Please print exactly the lines from the one containing "SNEAKERS NEROGIARDINI DONNA" through the last line of the records, and only those. Leave out any pictures.

====== Records shown ======

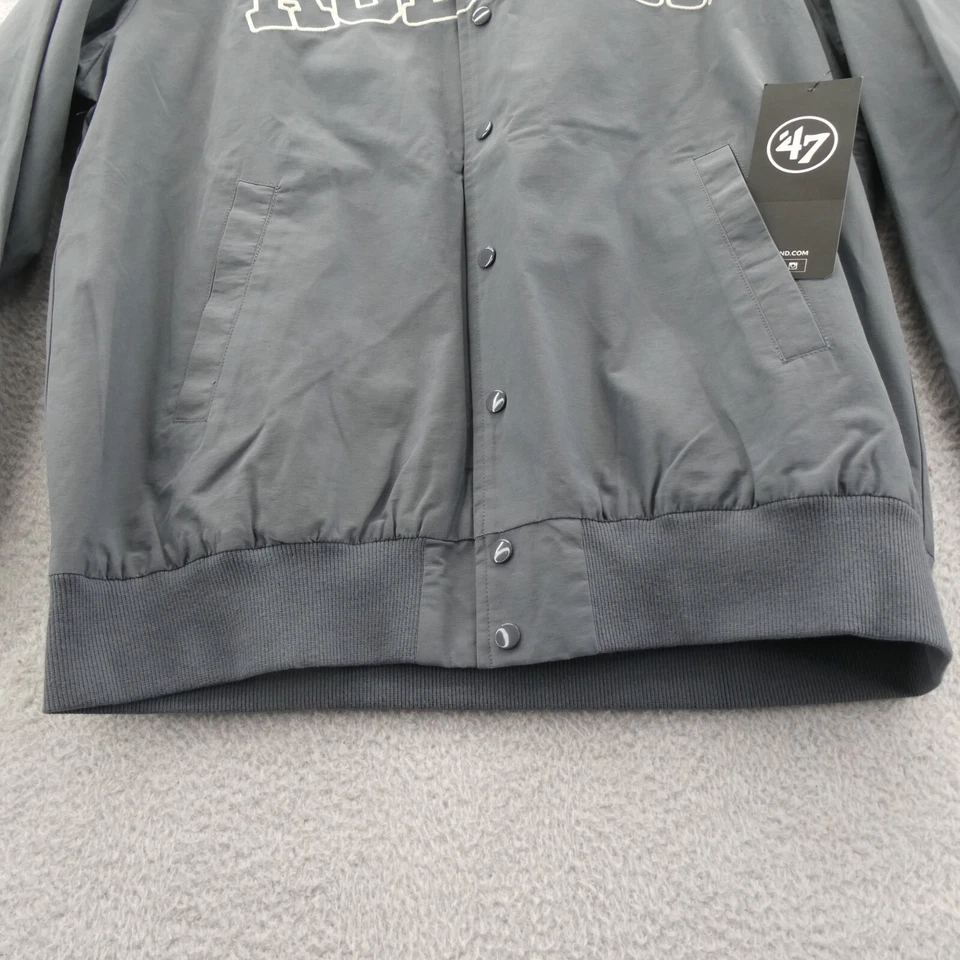 Chaqueta Auburn Tigers Para Hombre Pequeña Mediana '47 Marca Gris Botón a Presión Universitaria Nueva Foto 3 de 4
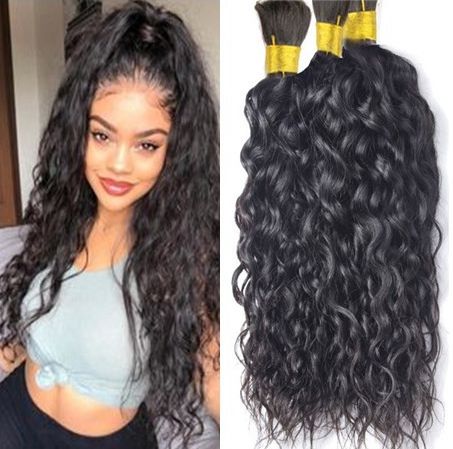 Brazilian Water Wave Natural Wave Human Hair Bulk For Braiding 100 Human Hair Natural Black Bulk Braiding Human Hair Milky Way Weave Milky Way Hair Wholesale From Sweety Humanhair 4 54 Dhgate Com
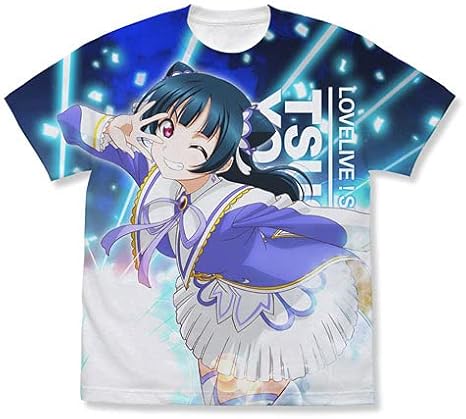 Amazon ラブライブ サンシャイン 津島善子 フルグラｔ ｏｖｅｒ ｔｈｅ ｒａｉｎｂｏｗ ホワイトｍ アニメ 萌えグッズ 通販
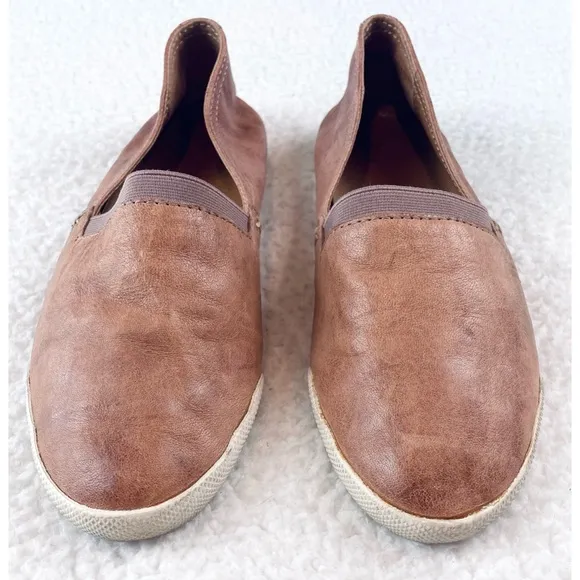 FRYE • Dusty Rose Genuine Leather Melanie Slip-On Flats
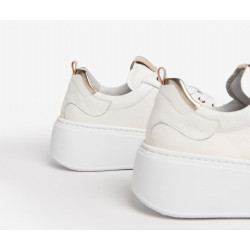 SNEAKERS NEROGIARDINI DONNA PELLE BIANCO PLATFORM 5CM E306541D/707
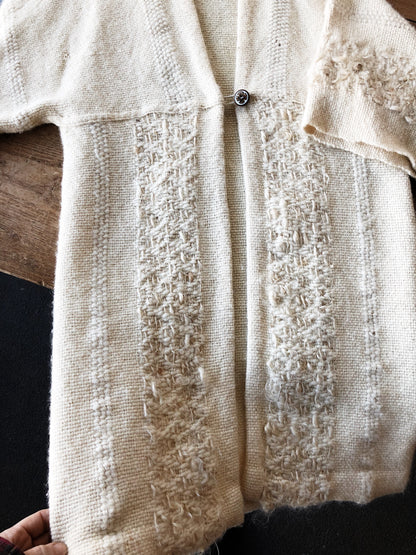 Hand Knit Vintage Wool Sweater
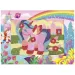 Glitzerndes Einhorn Sandbild Bastelset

======

§ Exercise output:
 SNEAKERS NEROGIARDINI DONNA PELLE BIANCO PLATFORM 5CM E306541D/707
 Hand Knit Vintage Wool Sweater
 Glitzerndes Einhorn Sandbild Bastelset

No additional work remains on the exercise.